Doch spätestens auf der Internationalen Raumstation ISS, global erdacht und seit dem Jahr 2000 dauerhaft bewohnt, bekam die Besatzung internationalen Appetit. Aus mittlerweile mehreren hundert Optionen können Astronauten heutzutage wählen und so ein Häppchen Heimat genießen. Darunter sind neben den Standardmenüs traditionell auch sogenannte Bonus-Mahlzeiten – Wunschkost für Astronauten.

So hatte etwa Alexander Gerst für seine Mission »Horizons« einige deftige Dosen dabei: Linsen mit Spätzle und Würstchen, Käsespätzle mit Speck und Maultaschen waren darunter. Und eine Dose »Ofenschlupfer«, ein süßer Auflauf, schlüpfte auch noch in die Proviantbox.

Ein Espresso zum Sonnenaufgang

Zwischen Arbeit, Sport und Muße können sich Astronauten auf der ISS innerhalb von 24 Stunden an insgesamt 16 gleißend hellen Sonnenaufgängen erfreuen – und was passt dazu besser als ein kräftiger Espresso am »Morgen«? Nun entschädigt der Ausblick sicher für einen schnell zusammengerührten Instantkaffee, doch sah die italienische Raumfahrtbehörde Verbesserungsbedarf. Mit der »ISSpresso« genannten Espressomaschine verfügte die Raumstation 2015 erstmals über frisch gebrühten Espresso – ansprechend serviert in einer durchsichtigen, schiffchenartigen Schwerelosigkeits-Espressotasse, die durch Kapillarwirkung die Flüssigkeit in den Mund befördert.

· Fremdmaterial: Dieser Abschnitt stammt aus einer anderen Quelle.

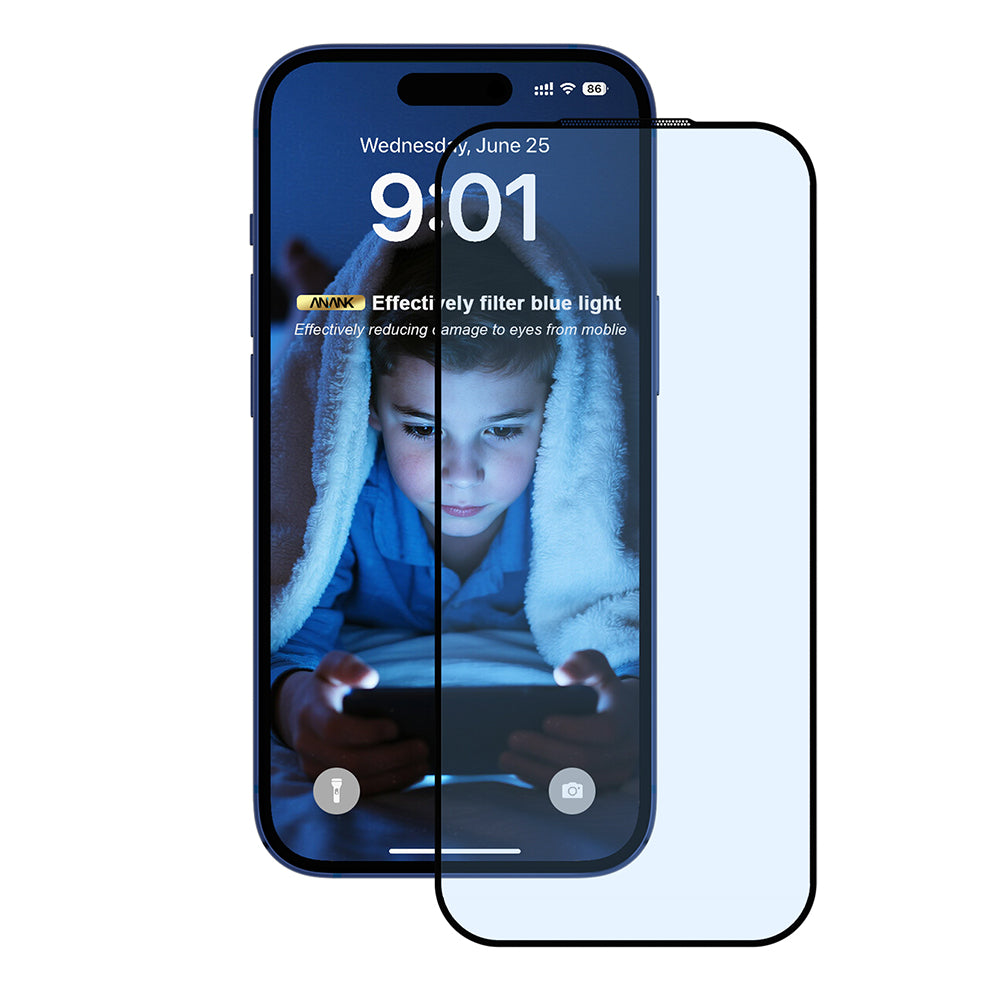 Folie de protectie Ecran Anti Blue Light Anank 5X Reinforced pentru Apple iPhone 18 Pro / 17 Pro, Sticla Securizata, Full Glue, 2.5D, Neagra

Und wer davon noch nicht ganz wach geworden ist, könnte vielleicht seinen südkoreanischen Kollegen überreden, etwas Kimchi zu teilen. Das richtig scharfe, fermentierte Gemüse, oft Kohl, gehört praktisch zu jeder koreanischen Mahlzeit dazu und stellte Ernährungswissenschaftler vor einige Herausforderungen. Da waren etwa die eifrigen und auf der Erde völlig harmlosen Mikroben, von denen man nicht wusste, wie sie auf die kosmische Strahlung reagieren und die im schlimmsten Fall zu ungemütlichen Zeitgenossen mutieren. Doch die Expertise von drei koreanischen Forschungsinstituten, die mehrere Jahre experimentierten, machten den Kohl nicht nur weltraumtauglich, sondern auch sehr rücksichtsvoll: So konnten sie den kräftigen Geruch um ein Drittel zu reduzieren – aus Rücksicht auf Nicht-Kimchi-erprobte Mitreisende.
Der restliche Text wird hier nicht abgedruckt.